Anytime you order packaged bees the queen always comes in a little cage. When bee packages are made they may actually be made up of bees from several hives. If she went in between the frames i'll bet she's in there. Most likely will be fine. You'll just have to see if you can find her. I'd give them a couple days or so before you get back in there but with no combs they can be more difficult to find. Here where i'm at we have to feed new starts this time of year to stimulate them to build the combs and so they have food, otherwise they will not make it.


----------



## RUN1251 (Mar 15, 2012)

Each hive has a side bar feeder with one gallon of syrup in it. What I purchased was a Nuke containing four frames of brood and a queen. I just thought that the frames of brood would be her brood. The instructions for installing the Nuke said to find her on the brood not in a queen cage. That was why I was baffled when I saw the queen cage.


----------



## PrepN4Good (Dec 23, 2011)

I got my nuc from a guy in my bee club, so the queen was mixed in with the brood in the frames. I always assumed if they were _shipped_, the queen would come in a cage.

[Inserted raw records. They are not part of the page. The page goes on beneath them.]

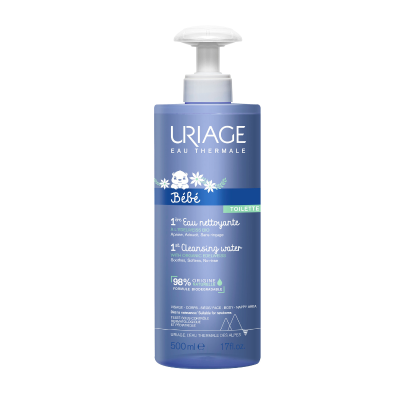 6552851 Uriage Bebé 1ª Água de Limpeza 500ml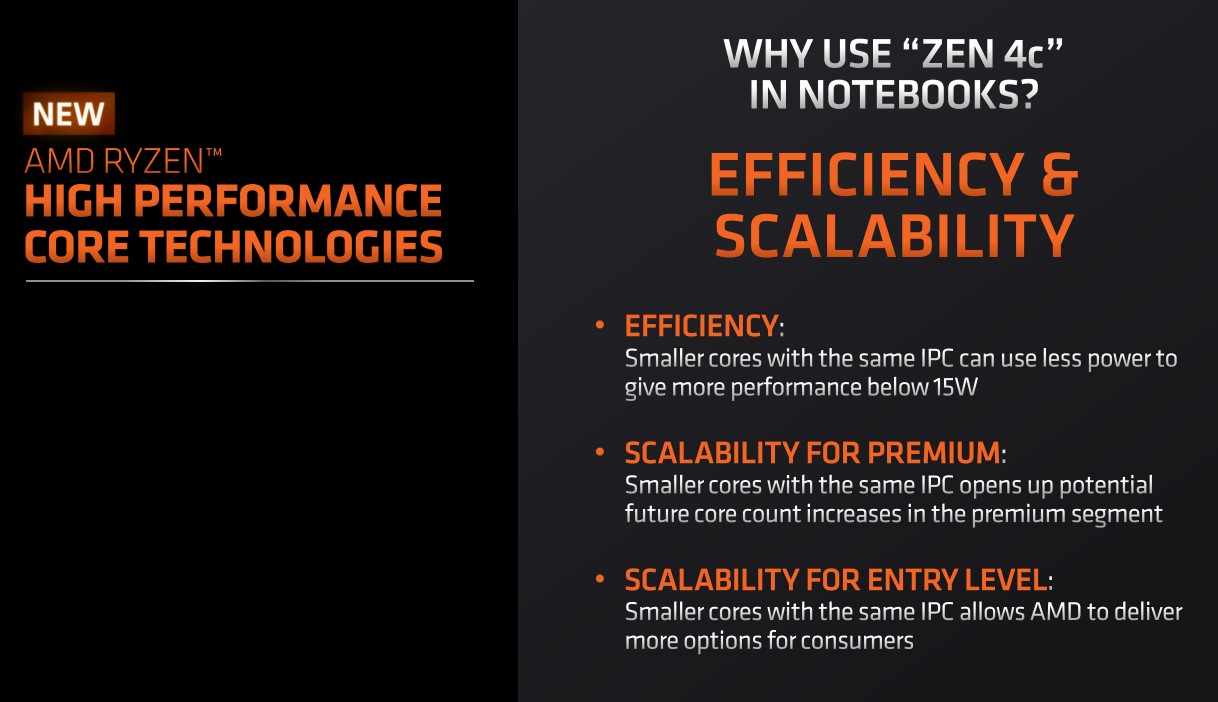 AMD Zen 4c Resmi Diperkenalkan untuk Prosesor Laptop, Apa Keunggulannya?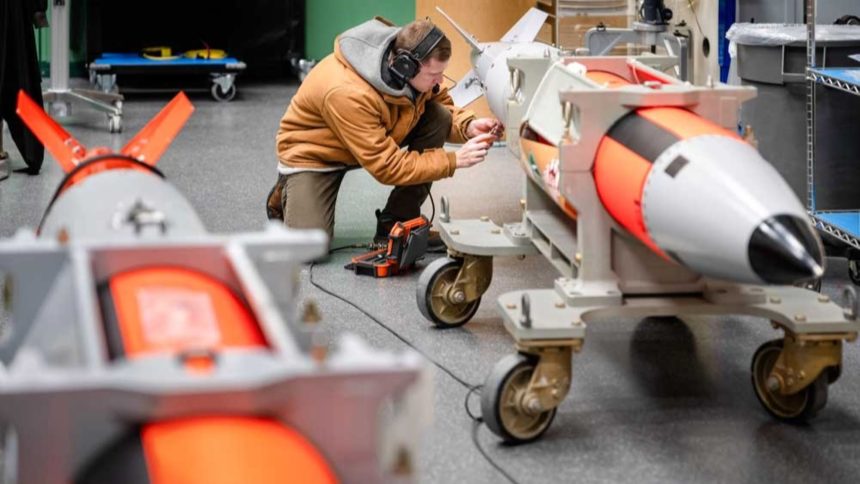 First B61-13 Joint Test Assembly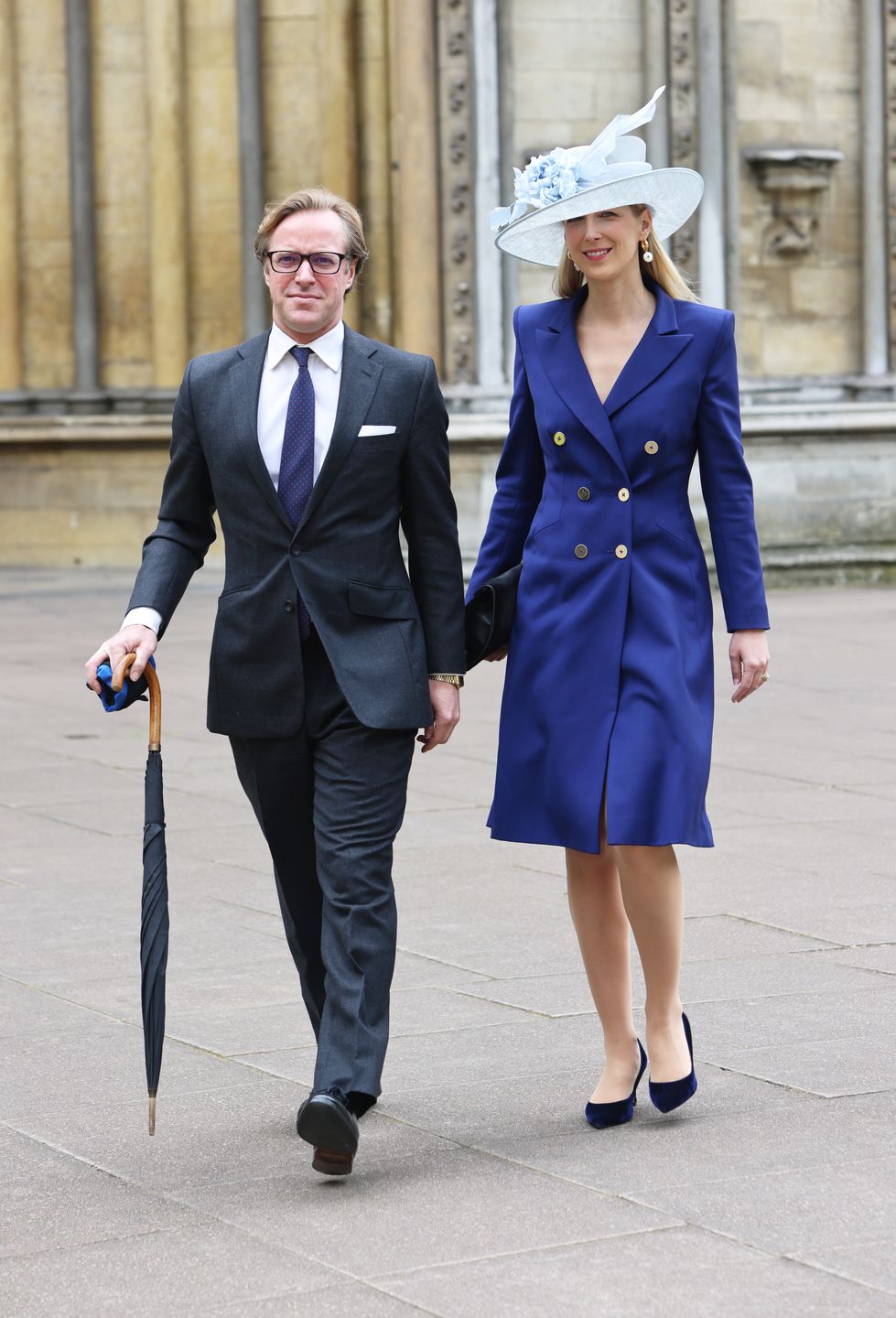 Thomas Kingston i Lady Gabriella Windsor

I agree with Well_driller, wait a few days & look for her. Should be easy if she's marked.


----------



## GroovyMike (Feb 25, 2010)

If there are larva in the "brood" you have no worries. Even if the queen dies, the workers can raise another queen.


----------



## Merlin (Dec 25, 2008)

Before I can say much I would like more info What 3 books did you read?? if people have the same book they can refer you to where to look in them.. Also did you buy a nuc or package ??? bees in a cage or frames with comb on them?? and was the queen shipped with and how?? no Matter what do not get into a un-established hive very much especially with a new queen they may ball her and kill her .. I am sure a lot of people could give you a lot of good help if they had better info I have been a beekeeper a long while and would hate to lead you astray


----------



## thenance007 (Oct 8, 2012)

I'm totally confused. Queen cages don't just "fall apart". Did you pull the screen off of it? If you picked up a "real" nuc, the queen should be loose in the nuc, with her own brood, or if they put her in a cage just for safekeeping while you took her home, she is their queen and dropping her in with them won't hurt a thing. If she was in a cage, it is possible that it wasn't a "real" nuc, just some frames of brood and an unrelated queen. By definition, the brood are supposed to be the offspring of the queen--it is a miniature, functioning hive with a laying queen, that is why you pay a premium price vs. a package. 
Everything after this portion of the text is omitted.